AIM OF THE TASK: From the line with "L'Evocazione - The" through the final line below, restate each line word for word and return nothing else.
┌─ DATA PROVIDED
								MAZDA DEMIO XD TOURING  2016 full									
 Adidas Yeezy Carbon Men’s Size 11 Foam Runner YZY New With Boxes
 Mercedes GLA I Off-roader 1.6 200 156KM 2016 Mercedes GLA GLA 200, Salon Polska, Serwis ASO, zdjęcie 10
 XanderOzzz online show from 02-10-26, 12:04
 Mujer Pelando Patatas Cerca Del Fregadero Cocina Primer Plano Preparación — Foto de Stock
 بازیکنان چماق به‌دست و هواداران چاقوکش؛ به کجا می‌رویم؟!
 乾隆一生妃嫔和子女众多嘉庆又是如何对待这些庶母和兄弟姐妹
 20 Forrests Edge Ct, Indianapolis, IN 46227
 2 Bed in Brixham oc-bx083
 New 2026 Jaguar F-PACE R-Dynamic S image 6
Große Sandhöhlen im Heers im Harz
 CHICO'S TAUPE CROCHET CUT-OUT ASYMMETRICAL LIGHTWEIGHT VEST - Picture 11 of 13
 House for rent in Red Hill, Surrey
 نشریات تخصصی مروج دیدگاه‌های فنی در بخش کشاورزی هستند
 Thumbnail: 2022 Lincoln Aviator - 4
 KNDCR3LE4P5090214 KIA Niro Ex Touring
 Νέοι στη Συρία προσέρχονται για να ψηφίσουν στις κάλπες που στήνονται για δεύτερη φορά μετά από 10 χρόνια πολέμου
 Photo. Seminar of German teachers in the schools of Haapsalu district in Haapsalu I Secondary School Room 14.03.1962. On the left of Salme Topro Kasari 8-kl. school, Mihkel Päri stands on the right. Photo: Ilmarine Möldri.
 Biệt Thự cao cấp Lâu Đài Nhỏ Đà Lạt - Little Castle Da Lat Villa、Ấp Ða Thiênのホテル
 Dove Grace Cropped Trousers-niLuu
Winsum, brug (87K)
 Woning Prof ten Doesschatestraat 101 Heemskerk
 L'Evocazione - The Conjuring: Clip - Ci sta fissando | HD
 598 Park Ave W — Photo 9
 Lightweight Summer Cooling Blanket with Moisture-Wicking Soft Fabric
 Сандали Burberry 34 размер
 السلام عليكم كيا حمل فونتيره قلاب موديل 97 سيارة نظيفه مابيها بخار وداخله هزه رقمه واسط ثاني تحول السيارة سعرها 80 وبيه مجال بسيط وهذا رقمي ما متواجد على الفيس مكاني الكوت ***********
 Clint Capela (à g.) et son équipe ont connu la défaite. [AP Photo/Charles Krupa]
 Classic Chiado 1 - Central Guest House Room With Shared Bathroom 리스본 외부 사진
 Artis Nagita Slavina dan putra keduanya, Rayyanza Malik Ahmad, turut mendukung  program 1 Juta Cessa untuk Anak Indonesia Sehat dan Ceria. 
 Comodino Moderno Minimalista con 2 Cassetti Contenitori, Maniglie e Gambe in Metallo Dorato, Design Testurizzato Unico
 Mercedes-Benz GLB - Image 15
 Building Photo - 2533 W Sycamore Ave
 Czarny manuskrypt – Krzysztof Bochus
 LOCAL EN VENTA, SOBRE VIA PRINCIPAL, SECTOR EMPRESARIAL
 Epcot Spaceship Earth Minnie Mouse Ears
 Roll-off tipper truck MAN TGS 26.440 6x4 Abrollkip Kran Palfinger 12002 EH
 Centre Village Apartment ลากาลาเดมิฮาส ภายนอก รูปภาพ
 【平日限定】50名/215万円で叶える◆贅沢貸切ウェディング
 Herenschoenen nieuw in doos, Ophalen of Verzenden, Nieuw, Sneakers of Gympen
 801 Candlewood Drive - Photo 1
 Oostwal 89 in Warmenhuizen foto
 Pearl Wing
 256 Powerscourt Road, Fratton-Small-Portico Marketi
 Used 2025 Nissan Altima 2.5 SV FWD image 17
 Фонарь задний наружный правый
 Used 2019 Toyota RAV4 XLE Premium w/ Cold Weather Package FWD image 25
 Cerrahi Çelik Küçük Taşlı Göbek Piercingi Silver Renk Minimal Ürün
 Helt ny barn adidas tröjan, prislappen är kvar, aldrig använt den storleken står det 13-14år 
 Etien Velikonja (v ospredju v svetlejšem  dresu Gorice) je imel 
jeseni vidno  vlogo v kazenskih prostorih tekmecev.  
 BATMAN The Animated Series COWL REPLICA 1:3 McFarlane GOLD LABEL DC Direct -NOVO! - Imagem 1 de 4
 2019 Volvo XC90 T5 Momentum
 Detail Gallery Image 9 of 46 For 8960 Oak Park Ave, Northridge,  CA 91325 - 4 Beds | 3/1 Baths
└─
ANSWER BOX:
 L'Evocazione - The Conjuring: Clip - Ci sta fissando | HD
 598 Park Ave W — Photo 9
 Lightweight Summer Cooling Blanket with Moisture-Wicking Soft Fabric
 Сандали Burberry 34 размер
 السلام عليكم كيا حمل فونتيره قلاب موديل 97 سيارة نظيفه مابيها بخار وداخله هزه رقمه واسط ثاني تحول السيارة سعرها 80 وبيه مجال بسيط وهذا رقمي ما متواجد على الفيس مكاني الكوت ***********
 Clint Capela (à g.) et son équipe ont connu la défaite. [AP Photo/Charles Krupa]
 Classic Chiado 1 - Central Guest House Room With Shared Bathroom 리스본 외부 사진
 Artis Nagita Slavina dan putra keduanya, Rayyanza Malik Ahmad, turut mendukung  program 1 Juta Cessa untuk Anak Indonesia Sehat dan Ceria. 
 Comodino Moderno Minimalista con 2 Cassetti Contenitori, Maniglie e Gambe in Metallo Dorato, Design Testurizzato Unico
 Mercedes-Benz GLB - Image 15
 Building Photo - 2533 W Sycamore Ave
 Czarny manuskrypt – Krzysztof Bochus
 LOCAL EN VENTA, SOBRE VIA PRINCIPAL, SECTOR EMPRESARIAL
 Epcot Spaceship Earth Minnie Mouse Ears
 Roll-off tipper truck MAN TGS 26.440 6x4 Abrollkip Kran Palfinger 12002 EH
 Centre Village Apartment ลากาลาเดมิฮาส ภายนอก รูปภาพ
 【平日限定】50名/215万円で叶える◆贅沢貸切ウェディング
 Herenschoenen nieuw in doos, Ophalen of Verzenden, Nieuw, Sneakers of Gympen
 801 Candlewood Drive - Photo 1
 Oostwal 89 in Warmenhuizen foto
 Pearl Wing
 256 Powerscourt Road, Fratton-Small-Portico Marketi
 Used 2025 Nissan Altima 2.5 SV FWD image 17
 Фонарь задний наружный правый
 Used 2019 Toyota RAV4 XLE Premium w/ Cold Weather Package FWD image 25
 Cerrahi Çelik Küçük Taşlı Göbek Piercingi Silver Renk Minimal Ürün
 Helt ny barn adidas tröjan, prislappen är kvar, aldrig använt den storleken står det 13-14år 
 Etien Velikonja (v ospredju v svetlejšem  dresu Gorice) je imel 
jeseni vidno  vlogo v kazenskih prostorih tekmecev.  
 BATMAN The Animated Series COWL REPLICA 1:3 McFarlane GOLD LABEL DC Direct -NOVO! - Imagem 1 de 4
 2019 Volvo XC90 T5 Momentum
 Detail Gallery Image 9 of 46 For 8960 Oak Park Ave, Northridge,  CA 91325 - 4 Beds | 3/1 Baths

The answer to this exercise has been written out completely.